The Supreme Court of the United States is set to hear a case involving New York City’s vaccine mandate for municipal workers after it was challenged by an NYPD detective.
As reported by Politico, Detective Anthony Marciano’s legal challenge was initially rejected by Justice Sonia Sotomayor, one of the court’s three left-wing judges. Marciano subsequently resubmitted his request to Justice Clarence Thomas, widely considered the most conservative member of the court, who agreed to take up the case; deliberations will take place on October 7th.
“I reapplied to Justice Thomas, who is a strict Constitutionalist,” said Patricia Finn, an attorney with Make Americans Free Again, the group that is representing Marciano. “I believed his previous opinions were in line with what I was arguing.”
Detective Marciano had previously sued the city of New York last year in response to the policy dictating that all municipal workers must receive the COVID-19 vaccine.

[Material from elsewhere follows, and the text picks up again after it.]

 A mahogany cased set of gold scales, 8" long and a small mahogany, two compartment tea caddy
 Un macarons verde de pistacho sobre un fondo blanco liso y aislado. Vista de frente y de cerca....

Marciano, whose applications for religious and medical exemptions were rejected, claimed that he had gained natural immunity through previous exposure to the disease as a result of his frontline work, and thus should not be forced to take the vaccine.
Marciano’s request for a stay that would halt the vaccine mandate until his case’s completion was rejected by the Second Circuit Court of Appeals, which sent the detective and his legal team to the Supreme Court instead.
“I think the court has been waiting for a case like mine,” Finn continued. “I think they are waiting for somebody to approach the issue in a very clean and straightforward way.”
The outcome of the case could have major implications for the COVID policies of Mayor Eric Adams (D-N.Y.), who was first elected in 2021. Adams has since rescinded vaccine mandates he had previously imposed on private sector employees and students involved in after-school activities, but has refused to repeal the mandate for city workers.